Wertvoller Wikinger-Schatz unter der alten Kirche?

Wertvoller Wikinger-Schatz unter der alten Kirche?

Ein modernes Märchen in Fortsetzungen, Teil 11

Wir erinnern uns: Auf dem letzten Treffen der Initiative zur Rettung der Alten Dorfkirche hatte Holger von der geheimen Sitzung des Gemeinderates berichtet. Ein Regenrückhaltebecken sollte durch die Fa. Schwarzbuch KG auf dem Grundstück der Alten Kirche entstehen. Man beschloss, zu einer Bürgerversammlung im Gasthaus einzuladen.

Am Tag nach der Bürgerversammlung ist Alfred E. Neumann auf dem Weg zur Bäckerei um Brötchen für das Frühstück zu holen. Als er in den Heckenweg am Kirchhof einbiegt, steht plötzlich Schrotty-Fee, wie aus dem Boden gestampft, vor ihm. «Na Alfred», fragt sie spitz, «wie ist es gestern bei der Versammlung im Dorfkrug gelaufen? Was habt ihr erreicht?»

Alfred schluckt, jetzt taucht diese penetrante Dame aus Reykjavik auch schon tagsüber auf. Was soll´s. «Nun gut», beginnt er, «erst dachten wir, es folgt niemand unserer Einladung, zumal der Prokurist der Schwarzbuch KG uns wissen ließ, dass er zu unserer «sogenannten Bürgerversammlung» nicht kommen könne. Dann füllte sich der Saal plötzlich, überwiegend mit den bei der Schwarzbuch KG beschäftigten Bauarbeitern. Vermutlich hatte man ihnen gesagt, sie würden ihre Arbeitsplätze verlieren, wenn die alte Dorfkirche nicht abgerissen würde, und dann kein Regenrückhaltebecken gebaut werden könne.

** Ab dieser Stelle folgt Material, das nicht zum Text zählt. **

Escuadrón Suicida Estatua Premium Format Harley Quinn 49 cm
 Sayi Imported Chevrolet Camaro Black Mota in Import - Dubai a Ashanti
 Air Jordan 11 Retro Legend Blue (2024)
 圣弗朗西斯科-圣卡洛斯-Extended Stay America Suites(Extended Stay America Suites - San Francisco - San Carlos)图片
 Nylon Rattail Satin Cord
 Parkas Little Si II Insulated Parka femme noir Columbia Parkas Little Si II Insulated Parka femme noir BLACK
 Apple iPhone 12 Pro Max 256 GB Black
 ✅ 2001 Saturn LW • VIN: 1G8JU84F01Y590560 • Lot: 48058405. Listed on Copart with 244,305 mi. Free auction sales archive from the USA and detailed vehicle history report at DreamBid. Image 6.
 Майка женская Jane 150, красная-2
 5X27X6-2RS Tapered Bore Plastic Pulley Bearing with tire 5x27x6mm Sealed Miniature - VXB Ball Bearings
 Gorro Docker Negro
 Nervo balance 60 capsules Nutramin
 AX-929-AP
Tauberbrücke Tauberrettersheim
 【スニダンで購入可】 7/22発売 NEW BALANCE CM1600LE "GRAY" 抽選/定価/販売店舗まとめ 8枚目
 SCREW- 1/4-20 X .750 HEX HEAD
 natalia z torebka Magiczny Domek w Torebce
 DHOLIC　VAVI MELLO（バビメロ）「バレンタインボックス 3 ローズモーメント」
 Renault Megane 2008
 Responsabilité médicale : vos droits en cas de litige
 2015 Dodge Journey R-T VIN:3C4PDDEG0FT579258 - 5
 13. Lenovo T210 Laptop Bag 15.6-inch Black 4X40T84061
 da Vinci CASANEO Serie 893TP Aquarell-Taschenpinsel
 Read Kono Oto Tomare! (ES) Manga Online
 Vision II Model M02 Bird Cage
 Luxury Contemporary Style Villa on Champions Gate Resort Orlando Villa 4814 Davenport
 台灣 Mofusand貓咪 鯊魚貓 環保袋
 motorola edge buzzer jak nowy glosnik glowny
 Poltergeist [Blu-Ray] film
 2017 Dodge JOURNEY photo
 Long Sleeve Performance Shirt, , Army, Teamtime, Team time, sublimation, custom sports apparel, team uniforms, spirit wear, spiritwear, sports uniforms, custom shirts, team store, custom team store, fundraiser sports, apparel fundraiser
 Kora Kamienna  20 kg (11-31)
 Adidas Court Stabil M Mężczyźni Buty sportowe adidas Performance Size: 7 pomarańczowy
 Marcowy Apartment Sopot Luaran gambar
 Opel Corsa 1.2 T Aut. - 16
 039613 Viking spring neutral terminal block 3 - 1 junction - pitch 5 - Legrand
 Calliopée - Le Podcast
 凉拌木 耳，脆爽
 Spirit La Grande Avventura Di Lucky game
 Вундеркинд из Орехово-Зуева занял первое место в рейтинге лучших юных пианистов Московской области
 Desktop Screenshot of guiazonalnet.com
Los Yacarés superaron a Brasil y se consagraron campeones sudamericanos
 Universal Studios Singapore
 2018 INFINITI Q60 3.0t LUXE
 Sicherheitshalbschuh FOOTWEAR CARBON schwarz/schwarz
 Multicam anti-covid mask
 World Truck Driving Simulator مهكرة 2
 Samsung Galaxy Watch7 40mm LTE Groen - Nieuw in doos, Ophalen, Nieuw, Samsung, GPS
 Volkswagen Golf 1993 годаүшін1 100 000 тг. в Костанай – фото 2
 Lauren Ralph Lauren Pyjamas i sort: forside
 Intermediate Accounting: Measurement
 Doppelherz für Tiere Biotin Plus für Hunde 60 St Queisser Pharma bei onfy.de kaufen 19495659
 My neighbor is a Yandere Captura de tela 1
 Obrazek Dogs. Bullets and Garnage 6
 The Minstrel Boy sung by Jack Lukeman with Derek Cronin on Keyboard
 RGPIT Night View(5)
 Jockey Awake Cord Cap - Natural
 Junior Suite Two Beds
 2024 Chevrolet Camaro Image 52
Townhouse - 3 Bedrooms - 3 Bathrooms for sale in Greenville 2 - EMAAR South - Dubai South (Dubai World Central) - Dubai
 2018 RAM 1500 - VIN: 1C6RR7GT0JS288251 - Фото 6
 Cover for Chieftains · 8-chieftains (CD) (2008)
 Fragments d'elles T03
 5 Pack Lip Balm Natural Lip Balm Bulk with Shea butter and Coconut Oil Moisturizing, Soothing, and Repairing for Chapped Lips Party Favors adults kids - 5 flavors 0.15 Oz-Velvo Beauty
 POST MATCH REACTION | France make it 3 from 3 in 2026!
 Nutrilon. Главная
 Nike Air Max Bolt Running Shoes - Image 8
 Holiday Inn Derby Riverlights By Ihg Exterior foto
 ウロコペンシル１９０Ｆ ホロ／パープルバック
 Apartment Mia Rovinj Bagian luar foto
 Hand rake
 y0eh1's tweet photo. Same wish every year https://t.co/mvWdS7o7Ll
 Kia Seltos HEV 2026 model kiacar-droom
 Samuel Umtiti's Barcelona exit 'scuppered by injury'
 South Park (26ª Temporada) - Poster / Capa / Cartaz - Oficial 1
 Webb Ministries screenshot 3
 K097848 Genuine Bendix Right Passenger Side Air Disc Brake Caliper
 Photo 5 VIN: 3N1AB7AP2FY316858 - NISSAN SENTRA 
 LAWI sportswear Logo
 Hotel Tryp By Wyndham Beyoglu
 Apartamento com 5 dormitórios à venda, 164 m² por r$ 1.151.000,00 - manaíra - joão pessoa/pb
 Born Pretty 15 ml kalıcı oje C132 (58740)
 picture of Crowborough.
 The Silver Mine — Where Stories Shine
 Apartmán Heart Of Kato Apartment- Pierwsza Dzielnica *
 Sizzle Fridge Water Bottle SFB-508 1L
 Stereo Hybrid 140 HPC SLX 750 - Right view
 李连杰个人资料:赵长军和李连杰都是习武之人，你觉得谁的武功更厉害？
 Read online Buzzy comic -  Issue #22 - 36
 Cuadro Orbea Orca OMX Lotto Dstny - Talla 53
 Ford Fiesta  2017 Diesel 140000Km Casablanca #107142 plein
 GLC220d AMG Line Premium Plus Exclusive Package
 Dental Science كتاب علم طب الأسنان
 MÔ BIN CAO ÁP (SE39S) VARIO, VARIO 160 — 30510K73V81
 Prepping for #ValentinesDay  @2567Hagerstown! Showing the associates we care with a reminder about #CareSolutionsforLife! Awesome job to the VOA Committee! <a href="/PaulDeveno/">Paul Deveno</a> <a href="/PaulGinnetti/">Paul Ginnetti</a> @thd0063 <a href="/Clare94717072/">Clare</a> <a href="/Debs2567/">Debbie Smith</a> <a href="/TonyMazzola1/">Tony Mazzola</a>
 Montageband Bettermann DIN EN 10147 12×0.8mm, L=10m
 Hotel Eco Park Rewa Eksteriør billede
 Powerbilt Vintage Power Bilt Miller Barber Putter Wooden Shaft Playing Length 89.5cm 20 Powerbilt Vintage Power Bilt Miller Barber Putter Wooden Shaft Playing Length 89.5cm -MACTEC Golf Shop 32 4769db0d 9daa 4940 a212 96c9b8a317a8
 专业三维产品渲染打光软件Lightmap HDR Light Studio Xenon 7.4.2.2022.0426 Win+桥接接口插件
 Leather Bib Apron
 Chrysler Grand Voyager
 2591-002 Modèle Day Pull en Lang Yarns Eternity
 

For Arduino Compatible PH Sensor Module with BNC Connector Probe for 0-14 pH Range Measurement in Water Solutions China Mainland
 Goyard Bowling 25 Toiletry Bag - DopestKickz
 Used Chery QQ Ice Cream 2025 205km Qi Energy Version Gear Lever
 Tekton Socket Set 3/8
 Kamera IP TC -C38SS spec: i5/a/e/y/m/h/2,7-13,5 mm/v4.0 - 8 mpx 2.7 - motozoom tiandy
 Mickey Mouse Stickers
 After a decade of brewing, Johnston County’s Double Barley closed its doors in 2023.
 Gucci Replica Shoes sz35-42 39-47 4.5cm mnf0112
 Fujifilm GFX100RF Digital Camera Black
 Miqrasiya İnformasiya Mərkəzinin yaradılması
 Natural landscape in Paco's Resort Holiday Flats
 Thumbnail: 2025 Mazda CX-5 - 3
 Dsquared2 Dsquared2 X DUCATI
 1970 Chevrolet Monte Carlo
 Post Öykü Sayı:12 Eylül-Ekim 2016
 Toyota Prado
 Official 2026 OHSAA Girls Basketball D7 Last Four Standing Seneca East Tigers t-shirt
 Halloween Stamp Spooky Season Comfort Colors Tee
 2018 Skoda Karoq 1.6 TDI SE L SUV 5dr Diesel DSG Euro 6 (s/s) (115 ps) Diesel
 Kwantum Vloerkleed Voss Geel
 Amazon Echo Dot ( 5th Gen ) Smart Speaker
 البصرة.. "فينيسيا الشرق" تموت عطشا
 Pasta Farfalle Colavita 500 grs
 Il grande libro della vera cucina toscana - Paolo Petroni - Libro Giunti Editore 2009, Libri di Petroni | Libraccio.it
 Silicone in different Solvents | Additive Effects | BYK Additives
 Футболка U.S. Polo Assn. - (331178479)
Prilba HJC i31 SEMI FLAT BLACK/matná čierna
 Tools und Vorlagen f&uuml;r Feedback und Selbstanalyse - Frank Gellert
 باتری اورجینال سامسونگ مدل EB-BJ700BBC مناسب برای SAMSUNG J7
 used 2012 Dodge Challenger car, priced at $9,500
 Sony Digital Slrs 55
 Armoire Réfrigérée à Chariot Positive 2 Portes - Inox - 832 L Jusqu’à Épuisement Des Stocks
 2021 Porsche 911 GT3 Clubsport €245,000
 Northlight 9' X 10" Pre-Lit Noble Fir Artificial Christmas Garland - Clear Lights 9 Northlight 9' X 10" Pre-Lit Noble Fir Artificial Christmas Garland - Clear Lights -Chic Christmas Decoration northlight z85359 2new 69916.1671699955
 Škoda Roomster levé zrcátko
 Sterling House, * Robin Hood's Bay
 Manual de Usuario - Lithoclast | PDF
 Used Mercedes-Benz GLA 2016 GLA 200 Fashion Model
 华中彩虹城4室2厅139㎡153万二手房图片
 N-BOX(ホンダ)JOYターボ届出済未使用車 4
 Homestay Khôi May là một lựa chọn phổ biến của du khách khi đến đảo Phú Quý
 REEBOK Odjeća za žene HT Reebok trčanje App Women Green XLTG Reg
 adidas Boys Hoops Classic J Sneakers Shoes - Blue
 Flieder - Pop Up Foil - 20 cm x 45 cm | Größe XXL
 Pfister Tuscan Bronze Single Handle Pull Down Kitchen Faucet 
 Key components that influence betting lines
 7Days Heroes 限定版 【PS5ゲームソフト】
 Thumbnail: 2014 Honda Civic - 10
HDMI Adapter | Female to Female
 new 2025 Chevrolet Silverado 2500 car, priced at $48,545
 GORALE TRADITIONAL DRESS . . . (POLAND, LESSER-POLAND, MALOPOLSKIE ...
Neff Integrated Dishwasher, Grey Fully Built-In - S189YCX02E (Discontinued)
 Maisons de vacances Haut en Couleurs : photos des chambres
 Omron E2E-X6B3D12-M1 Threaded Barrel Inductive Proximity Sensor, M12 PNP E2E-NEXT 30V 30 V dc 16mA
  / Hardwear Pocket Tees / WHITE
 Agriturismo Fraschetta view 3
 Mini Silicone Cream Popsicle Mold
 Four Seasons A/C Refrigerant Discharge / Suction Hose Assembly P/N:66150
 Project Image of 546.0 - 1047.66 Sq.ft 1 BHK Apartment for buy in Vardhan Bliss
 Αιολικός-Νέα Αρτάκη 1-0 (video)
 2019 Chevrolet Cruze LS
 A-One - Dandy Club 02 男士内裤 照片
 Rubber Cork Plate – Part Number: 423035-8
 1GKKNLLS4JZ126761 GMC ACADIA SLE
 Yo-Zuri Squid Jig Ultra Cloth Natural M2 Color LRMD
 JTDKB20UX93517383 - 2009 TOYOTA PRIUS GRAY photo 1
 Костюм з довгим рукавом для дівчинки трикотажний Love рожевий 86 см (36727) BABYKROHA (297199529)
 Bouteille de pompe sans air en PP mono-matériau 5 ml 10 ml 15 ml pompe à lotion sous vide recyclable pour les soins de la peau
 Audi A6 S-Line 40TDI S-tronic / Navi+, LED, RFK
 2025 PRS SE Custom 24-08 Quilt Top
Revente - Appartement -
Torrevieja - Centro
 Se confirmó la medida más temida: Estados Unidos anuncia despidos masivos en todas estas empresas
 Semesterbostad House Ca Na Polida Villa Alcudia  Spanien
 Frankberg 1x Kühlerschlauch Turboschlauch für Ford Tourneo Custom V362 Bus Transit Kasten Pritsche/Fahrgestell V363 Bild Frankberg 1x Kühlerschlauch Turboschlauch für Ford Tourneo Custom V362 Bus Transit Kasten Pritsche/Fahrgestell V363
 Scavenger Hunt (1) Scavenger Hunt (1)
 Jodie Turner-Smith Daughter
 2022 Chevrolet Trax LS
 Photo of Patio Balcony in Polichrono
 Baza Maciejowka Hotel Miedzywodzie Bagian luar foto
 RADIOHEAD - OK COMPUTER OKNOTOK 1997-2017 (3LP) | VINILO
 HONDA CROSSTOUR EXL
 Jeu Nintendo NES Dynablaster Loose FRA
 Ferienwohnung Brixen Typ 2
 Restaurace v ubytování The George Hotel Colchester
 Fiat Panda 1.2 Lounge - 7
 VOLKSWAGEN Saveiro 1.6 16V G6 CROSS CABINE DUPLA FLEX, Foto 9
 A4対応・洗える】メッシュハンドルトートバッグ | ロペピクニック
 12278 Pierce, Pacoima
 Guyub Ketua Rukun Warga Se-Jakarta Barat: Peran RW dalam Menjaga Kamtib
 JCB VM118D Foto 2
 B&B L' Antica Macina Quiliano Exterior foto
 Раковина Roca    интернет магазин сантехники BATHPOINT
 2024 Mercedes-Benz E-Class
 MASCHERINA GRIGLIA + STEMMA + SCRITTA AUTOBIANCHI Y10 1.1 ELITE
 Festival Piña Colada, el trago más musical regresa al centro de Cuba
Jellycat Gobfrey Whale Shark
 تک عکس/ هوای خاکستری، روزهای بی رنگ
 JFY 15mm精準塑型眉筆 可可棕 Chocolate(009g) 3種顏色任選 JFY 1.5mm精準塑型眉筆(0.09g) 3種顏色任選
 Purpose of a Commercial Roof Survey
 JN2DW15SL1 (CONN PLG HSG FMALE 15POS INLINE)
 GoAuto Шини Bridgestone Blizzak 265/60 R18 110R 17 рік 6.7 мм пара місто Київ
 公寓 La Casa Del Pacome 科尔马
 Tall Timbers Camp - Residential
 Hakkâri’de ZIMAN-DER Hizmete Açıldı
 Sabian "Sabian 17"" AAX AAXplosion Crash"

Fast alle hatten sie ihre olivgrüne Anglerkluft angezogen, denn die meisten von ihnen gehören dem örtlichen Angelverein an. Das war ein schon ziemlich beeindruckender Aufmarsch und es wundert mich nicht, dass sie sich für das Rückhaltebecken als Angelrevier und gegen die Dorfkirche aussprachen.  Einige ließen sogar durchblicken, sie hätten die alte Kirche bislang für eine verfallene Ruine gehalten.»

Alfred redet sich jetzt in Rage. «Es ging ganz schön emotional daher», meint er, » aber in einer funktionierenden Dorfgemeinschaft muss man sich bei Meinungsverschiedenheiten und konträren Ansichten auch mal ganz offen die Meinung sagen dürfen. Dafür leben wir in einer Demokratie, in der einsame Beschlüsse hinter verschlossenen Türen keinen Platz finden dürfen. Ganz abgesehen davon, dass überhastete Aktivitäten oft mit handwerklichen Fehlern behaftet sind.»

«Und was ist mit dem alternativen Standort für das Rückhaltebecken im Industriegebiet neben der Schwarzbuch KG?» insistiert Schrotty-Fee, «der ist von der Lage her und für die Anbindung des Wassersports doch viel besser geeignet». Alfred stöhnt auf, als er daran erinnert wird. «Du wirst es nicht glauben wollen», antwortet er, «für die Verantwortlichen der Schwarzbuch KG ist das Areal im Industriegebiet  tabu. Das sei ein Biotop, welches der Naherholung dienen könnte und sei auch für das jährliche Betriebsfest unverzichtbar.

Zudem gibt es dort einen öffentlichen kostenfreien Parkplatz für die Besucher der Mucki-Bude und des gegenüber liegenden Schuh-Outlets. Das soll auch so bleiben und man würde selbst im Traum nicht darüber nachdenken, das zu ändern.

» Und an die Fee gewandt schiebt er nach: «Vielleicht solltest du mal deine Aktivitäten zur Schwarzbuch KG verlagern. Man kann fast den Eindruck gewinnen, unter der alten Kirche wird ein wertvoller Wikinger-Schatz vermutet, der beim Abriss gehoben werden soll».

Wie sie gekommen ist, so verschwindet die Fee aus Island plötzlich wieder. Alfred schaut auf seine Uhr. Er hat jetzt keinen Appetit mehr und in der Bäckerei wird er sicher zugetextet. Er dreht sich um und geht zum Kiosk am Dorfplatz. Mal sehen, was in der heutigen Dorfzeitung über die gestrige «sogenannte Versammlung» zu lesen ist.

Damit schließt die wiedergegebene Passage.